** Opening Record set block **

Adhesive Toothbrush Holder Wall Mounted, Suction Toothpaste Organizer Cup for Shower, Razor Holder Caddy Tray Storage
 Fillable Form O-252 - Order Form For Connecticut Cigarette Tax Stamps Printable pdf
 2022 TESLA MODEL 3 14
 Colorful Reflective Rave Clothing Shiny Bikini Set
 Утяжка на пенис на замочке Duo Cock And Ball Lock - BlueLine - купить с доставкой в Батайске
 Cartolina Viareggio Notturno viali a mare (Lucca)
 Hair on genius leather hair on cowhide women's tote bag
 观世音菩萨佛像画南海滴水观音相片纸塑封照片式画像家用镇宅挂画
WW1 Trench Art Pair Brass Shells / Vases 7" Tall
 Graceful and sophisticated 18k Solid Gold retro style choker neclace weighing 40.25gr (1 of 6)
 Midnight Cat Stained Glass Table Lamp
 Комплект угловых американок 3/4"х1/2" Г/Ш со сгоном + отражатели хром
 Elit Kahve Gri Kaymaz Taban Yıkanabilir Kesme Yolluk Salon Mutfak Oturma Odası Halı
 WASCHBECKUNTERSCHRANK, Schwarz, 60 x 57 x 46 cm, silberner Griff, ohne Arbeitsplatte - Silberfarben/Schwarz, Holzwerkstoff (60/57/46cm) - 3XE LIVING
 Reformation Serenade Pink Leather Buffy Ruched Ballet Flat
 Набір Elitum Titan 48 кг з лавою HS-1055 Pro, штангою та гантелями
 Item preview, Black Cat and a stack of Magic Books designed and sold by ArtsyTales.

** Closing Record set block **

Task to complete:
Output the entire listing above without leaving out or altering anything.

Completed exercise:
Adhesive Toothbrush Holder Wall Mounted, Suction Toothpaste Organizer Cup for Shower, Razor Holder Caddy Tray Storage
 Fillable Form O-252 - Order Form For Connecticut Cigarette Tax Stamps Printable pdf
 2022 TESLA MODEL 3 14
 Colorful Reflective Rave Clothing Shiny Bikini Set
 Утяжка на пенис на замочке Duo Cock And Ball Lock - BlueLine - купить с доставкой в Батайске
 Cartolina Viareggio Notturno viali a mare (Lucca)
 Hair on genius leather hair on cowhide women's tote bag
 观世音菩萨佛像画南海滴水观音相片纸塑封照片式画像家用镇宅挂画
WW1 Trench Art Pair Brass Shells / Vases 7" Tall
 Graceful and sophisticated 18k Solid Gold retro style choker neclace weighing 40.25gr (1 of 6)
 Midnight Cat Stained Glass Table Lamp
 Комплект угловых американок 3/4"х1/2" Г/Ш со сгоном + отражатели хром
 Elit Kahve Gri Kaymaz Taban Yıkanabilir Kesme Yolluk Salon Mutfak Oturma Odası Halı
 WASCHBECKUNTERSCHRANK, Schwarz, 60 x 57 x 46 cm, silberner Griff, ohne Arbeitsplatte - Silberfarben/Schwarz, Holzwerkstoff (60/57/46cm) - 3XE LIVING
 Reformation Serenade Pink Leather Buffy Ruched Ballet Flat
 Набір Elitum Titan 48 кг з лавою HS-1055 Pro, штангою та гантелями
 Item preview, Black Cat and a stack of Magic Books designed and sold by ArtsyTales.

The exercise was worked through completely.